▸ **Task statement**:
Please reproduce the data exactly, though every picture must stay out.

▸ **Entries supplied**:
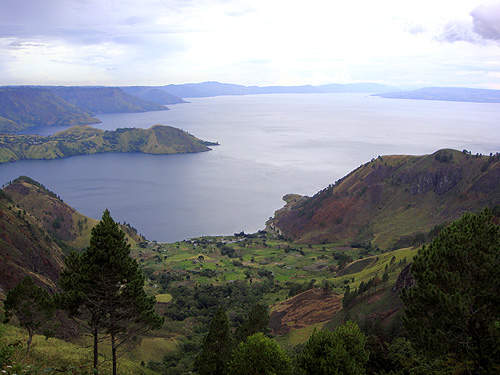 Keindahan Tak Ternilai Panorama Danau Toba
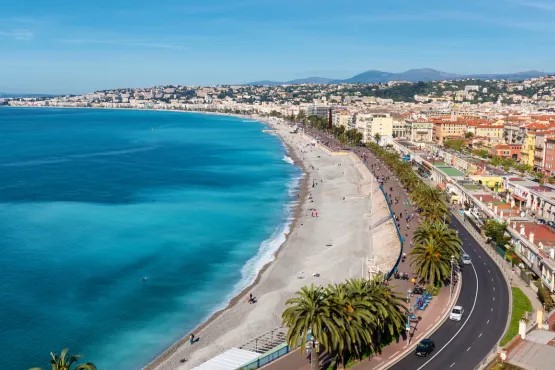 VTC et Nice : Une Symphonie de Confort et d’Élégance sur la Côte d’Azur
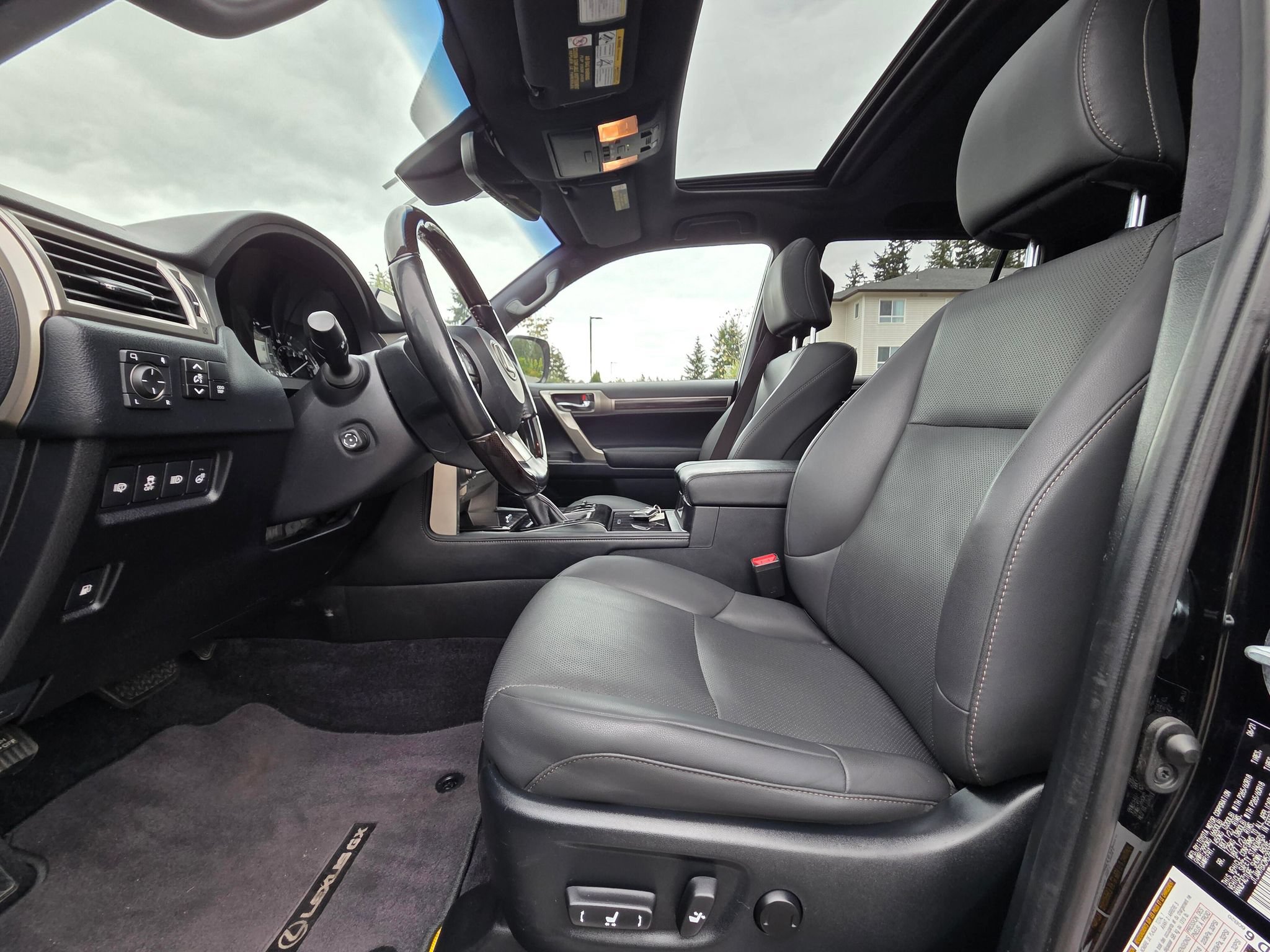 Used 2021 Lexus GX 460 Premium w/ Premium Package AWD/4WD image 28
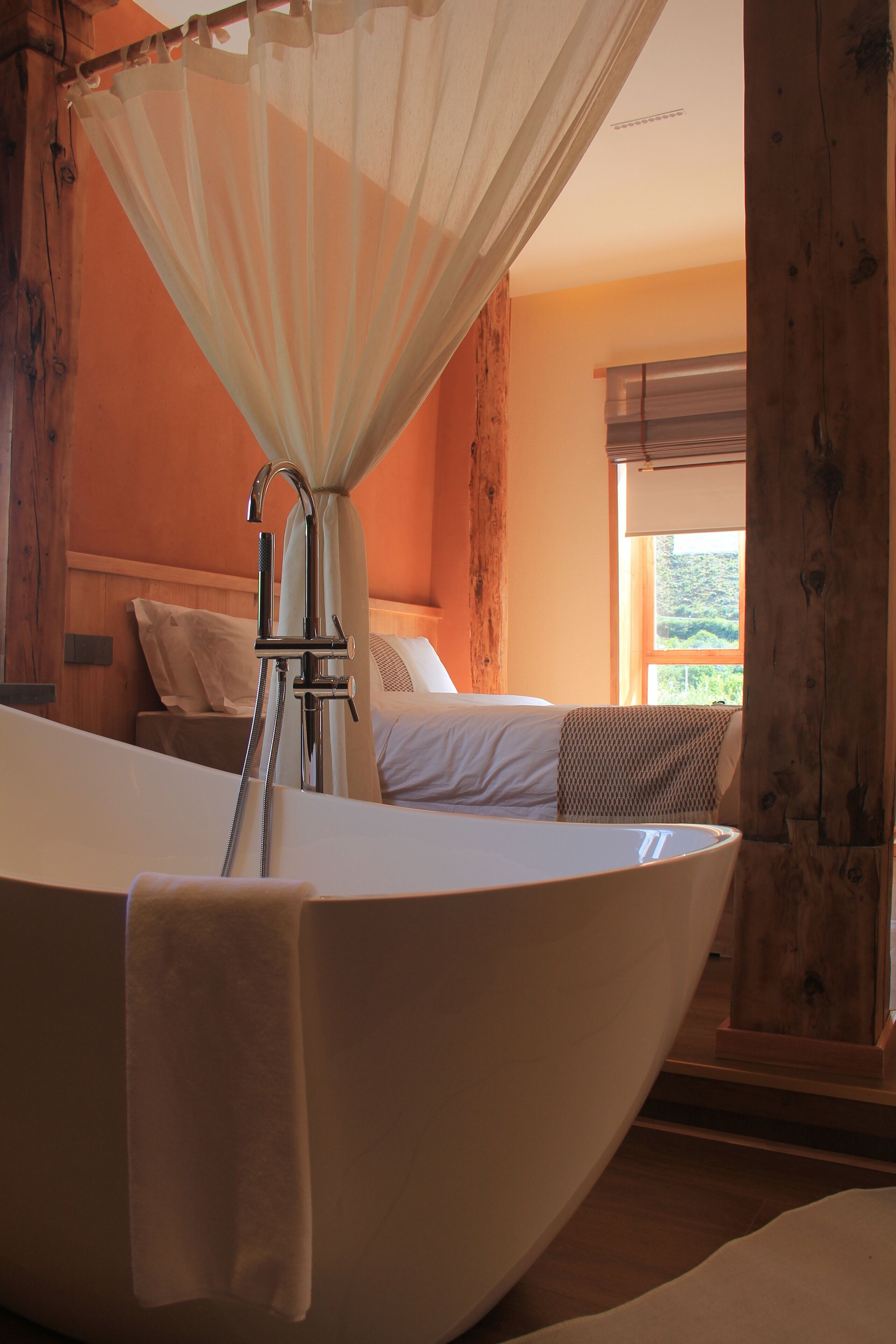 Espacio para trabajar con laptop y cortinas blackout 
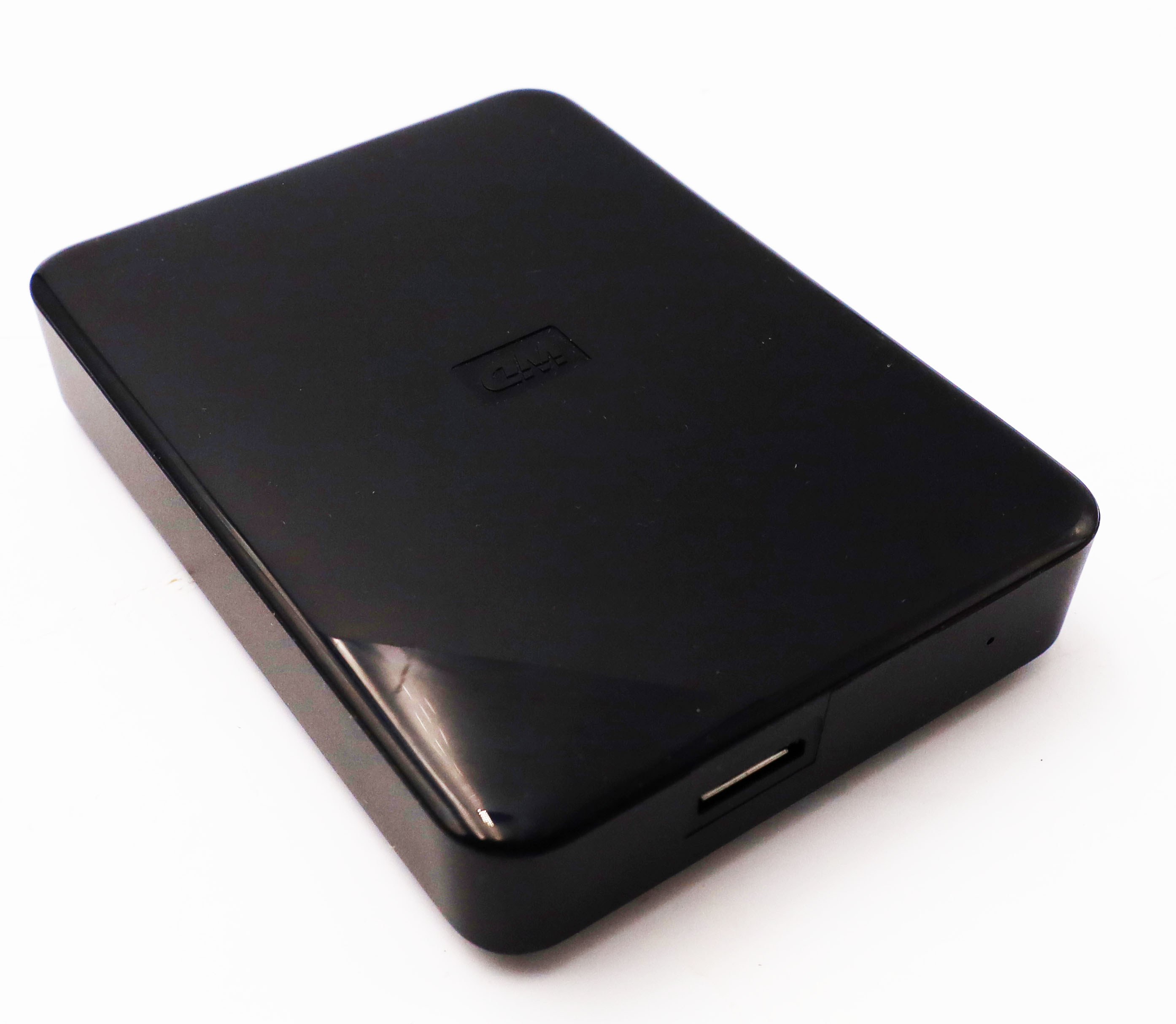 Un dispositivo elettronico nero e rettangolare con una porta USB sul lato.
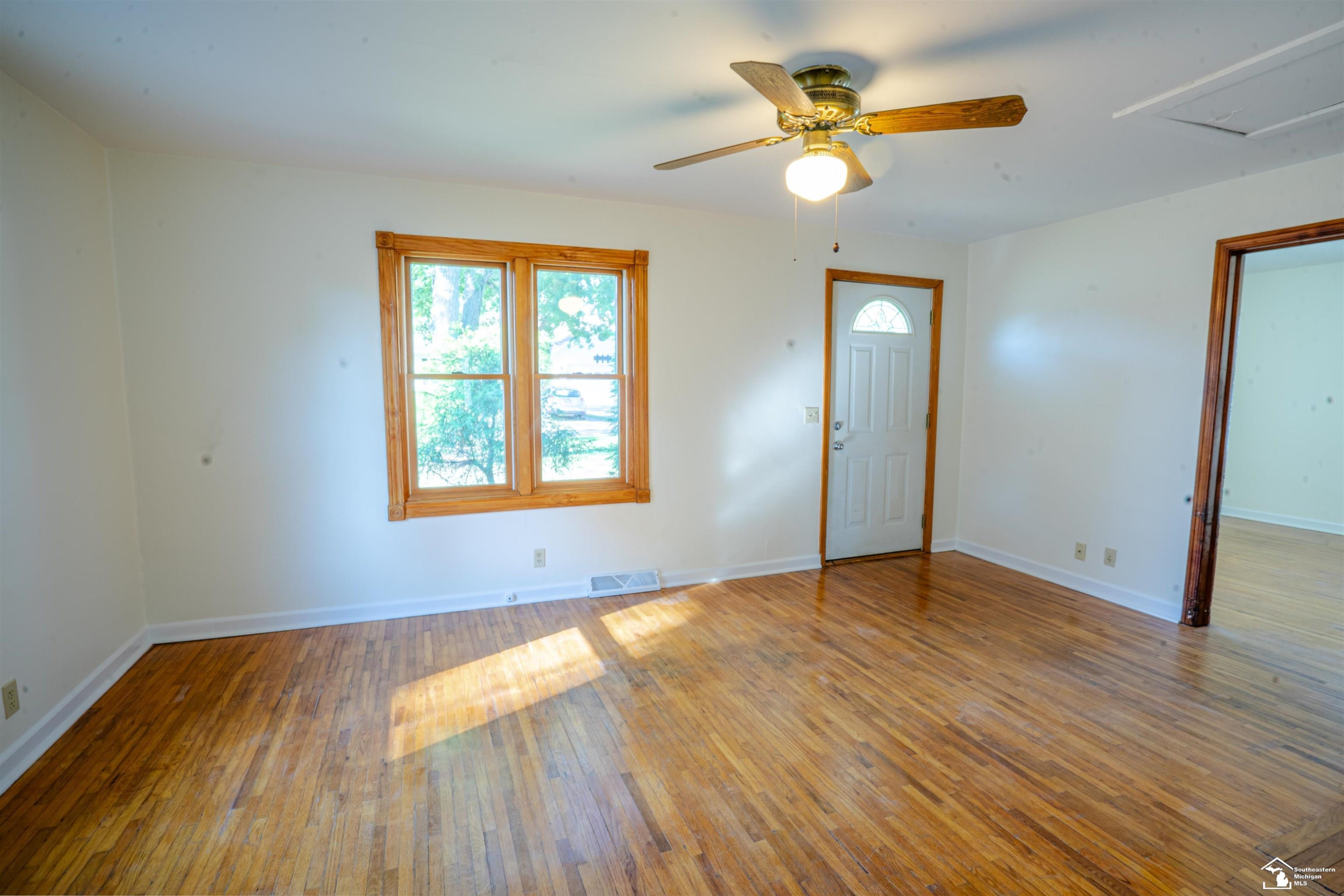 154 E Madison Street, Petersburg, MI 49270 — Photo 4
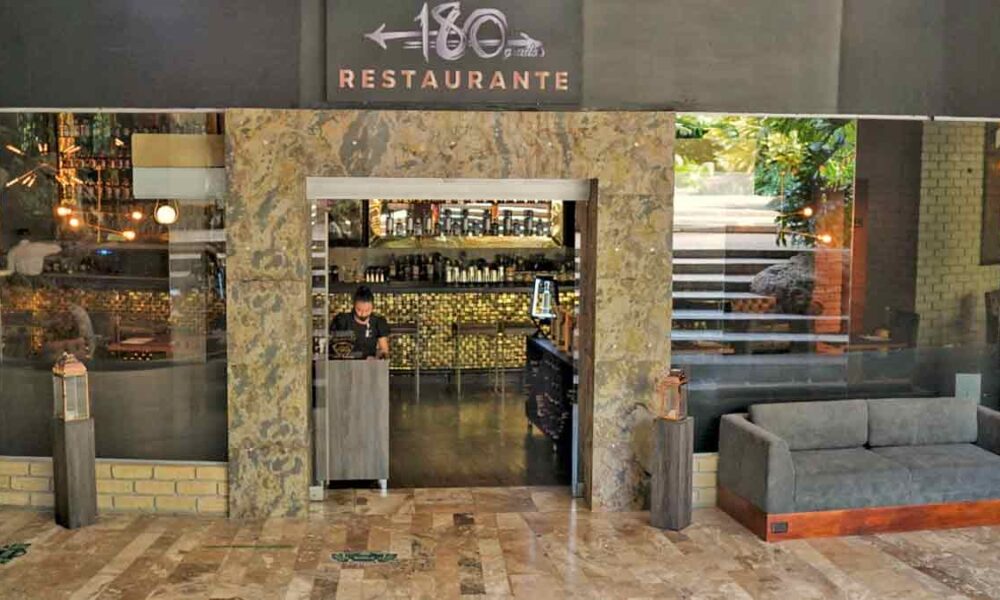 Restaurante 180 Grados, cerrado por presencia de plagas
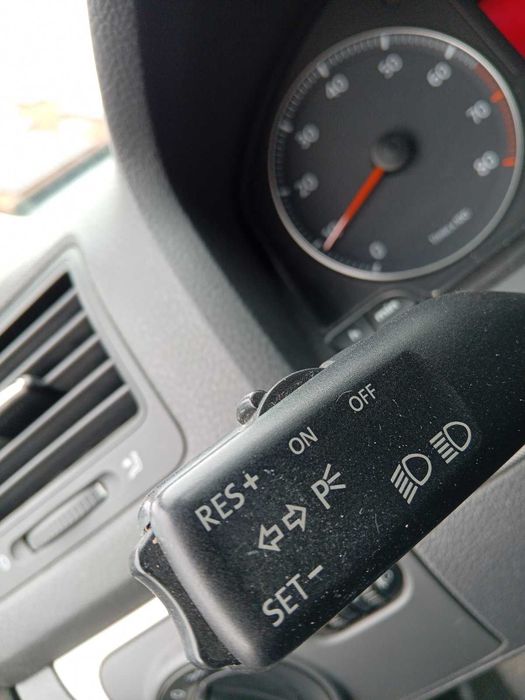 VW Golf 5 1.6 MPI безаварійний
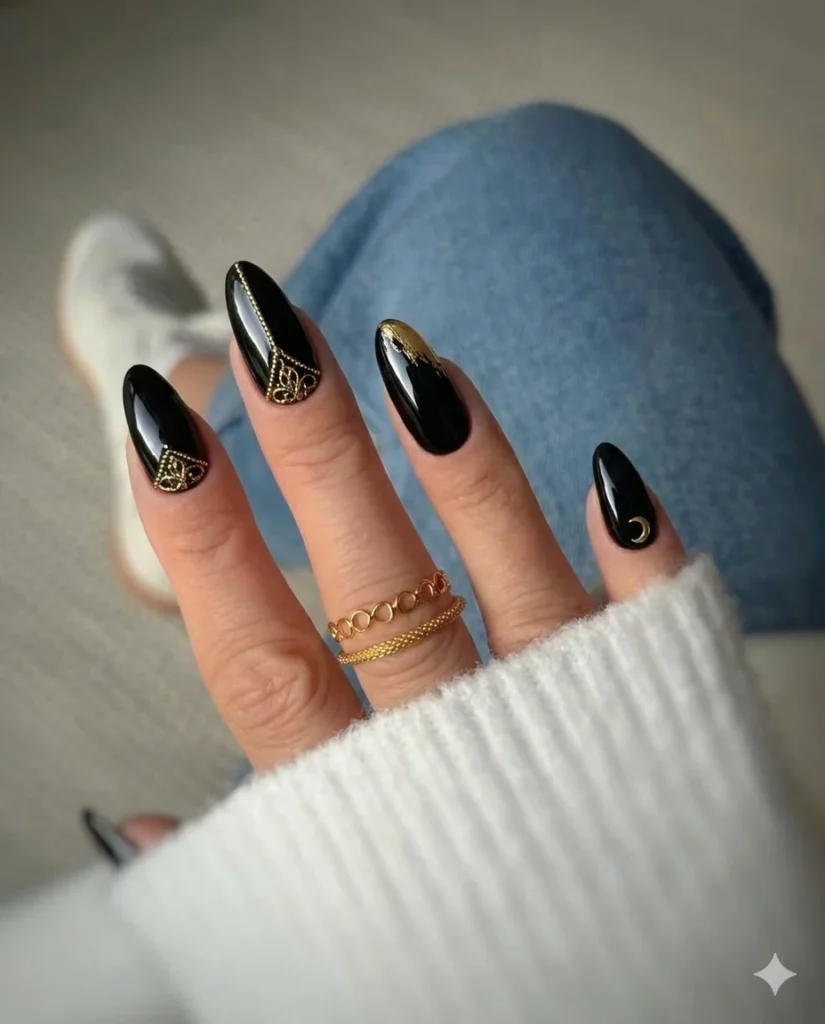 Black-Gel-Nails-with-Gold-Accent.webp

▸ **Response area**:
 Keindahan Tak Ternilai Panorama Danau Toba
 VTC et Nice : Une Symphonie de Confort et d’Élégance sur la Côte d’Azur
 Used 2021 Lexus GX 460 Premium w/ Premium Package AWD/4WD image 28
 Espacio para trabajar con laptop y cortinas blackout 
 Un dispositivo elettronico nero e rettangolare con una porta USB sul lato.
 154 E Madison Street, Petersburg, MI 49270 — Photo 4
 Restaurante 180 Grados, cerrado por presencia de plagas
 VW Golf 5 1.6 MPI безаварійний
 Black-Gel-Nails-with-Gold-Accent.webp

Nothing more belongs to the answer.